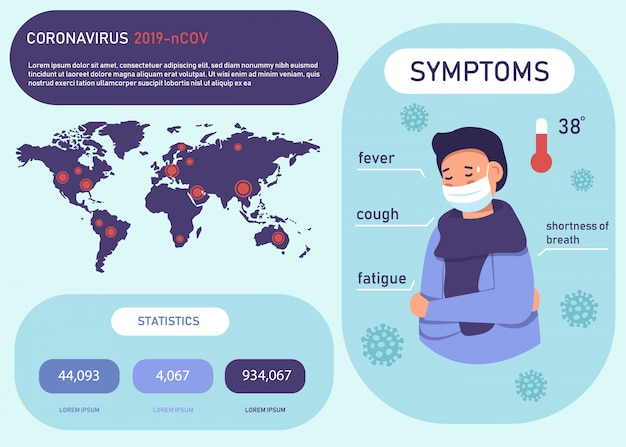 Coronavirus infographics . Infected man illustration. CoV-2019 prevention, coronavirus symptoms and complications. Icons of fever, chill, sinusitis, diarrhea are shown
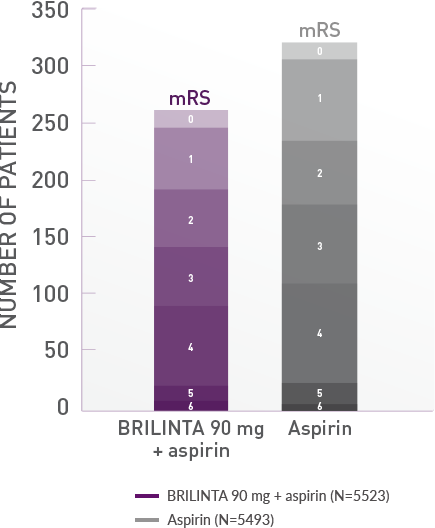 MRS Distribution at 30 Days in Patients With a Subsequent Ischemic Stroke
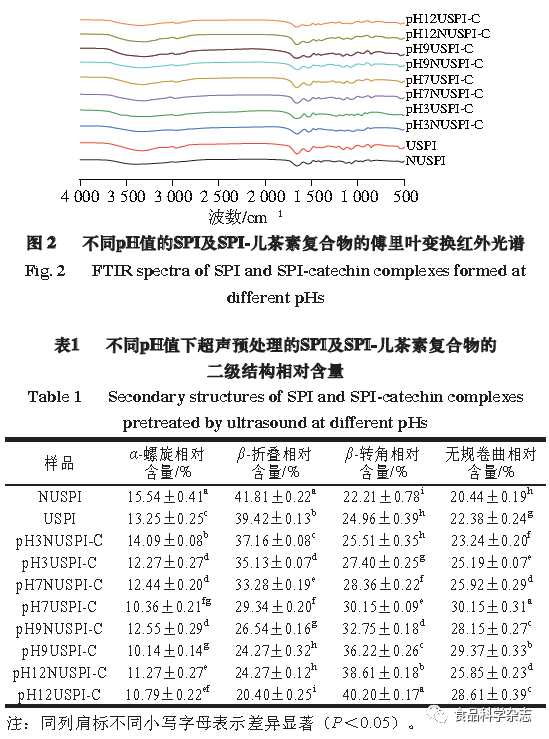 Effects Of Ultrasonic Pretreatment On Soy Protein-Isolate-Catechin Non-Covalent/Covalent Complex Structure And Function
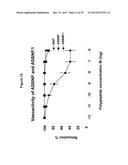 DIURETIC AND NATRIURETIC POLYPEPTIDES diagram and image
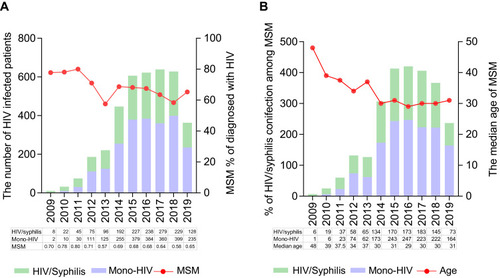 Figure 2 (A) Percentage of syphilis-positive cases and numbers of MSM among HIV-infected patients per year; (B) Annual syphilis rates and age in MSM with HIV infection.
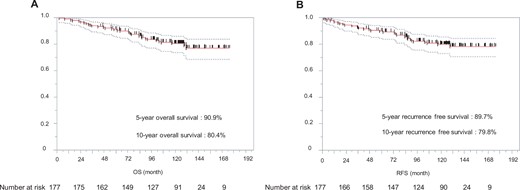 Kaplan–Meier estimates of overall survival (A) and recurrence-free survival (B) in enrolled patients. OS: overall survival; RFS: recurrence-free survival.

---

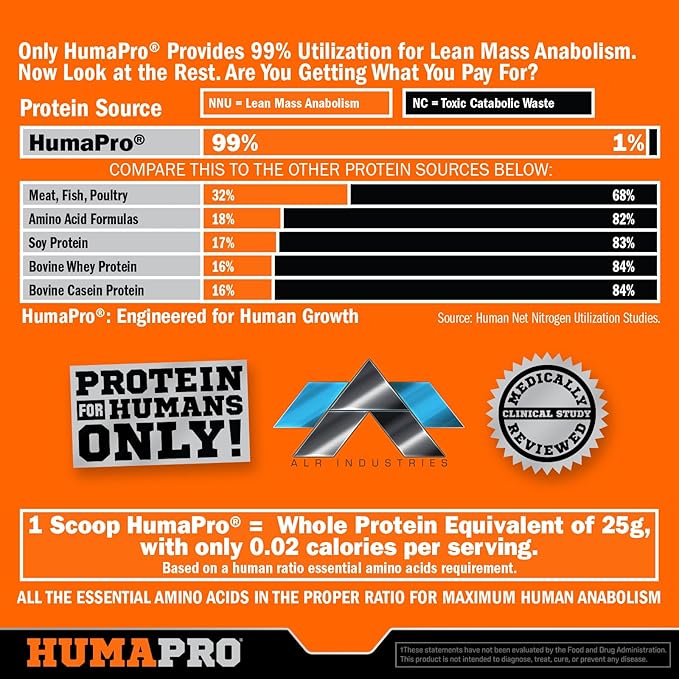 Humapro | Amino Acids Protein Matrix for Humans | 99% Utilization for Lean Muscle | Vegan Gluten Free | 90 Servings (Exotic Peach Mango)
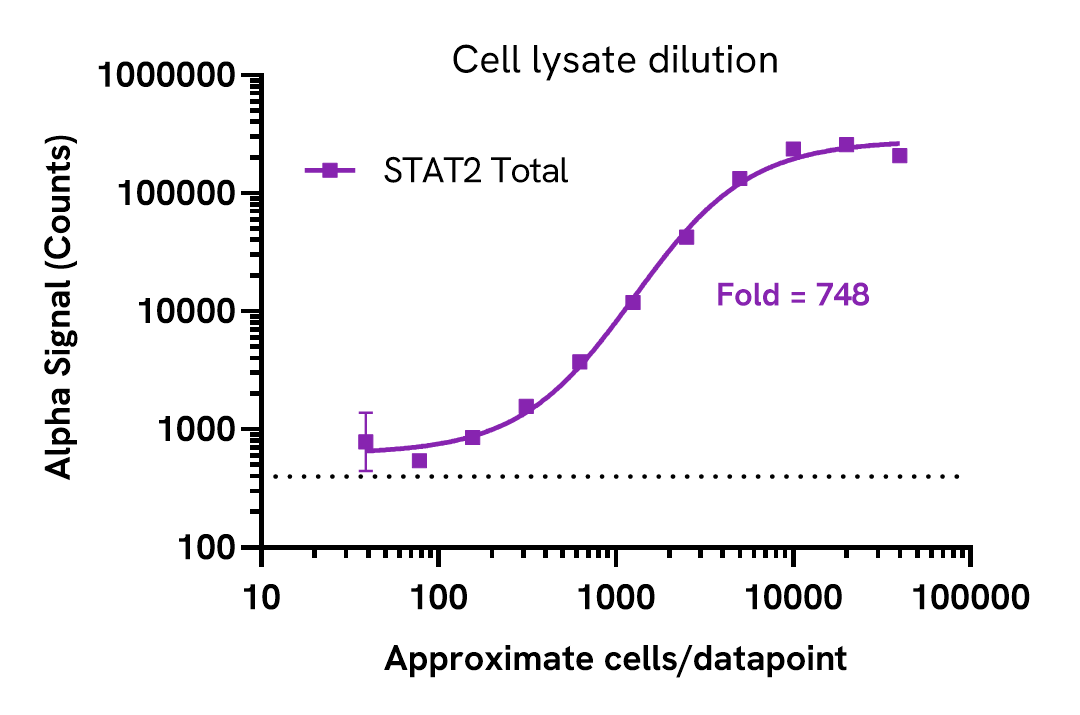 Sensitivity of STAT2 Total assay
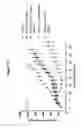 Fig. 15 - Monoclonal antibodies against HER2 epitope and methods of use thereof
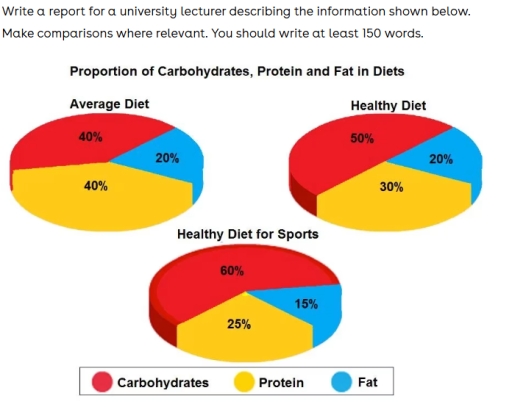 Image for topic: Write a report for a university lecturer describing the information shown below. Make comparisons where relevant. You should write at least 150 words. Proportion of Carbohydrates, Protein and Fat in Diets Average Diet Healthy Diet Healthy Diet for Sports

## Aim of the task
Return exactly the lines that appear in the data above between the line containing "Coronavirus infographics ." and the line containing "MRS Distribution at", both of which are included, and leave the pictures out.

## Finished task
 Coronavirus infographics . Infected man illustration. CoV-2019 prevention, coronavirus symptoms and complications. Icons of fever, chill, sinusitis, diarrhea are shown
 MRS Distribution at 30 Days in Patients With a Subsequent Ischemic Stroke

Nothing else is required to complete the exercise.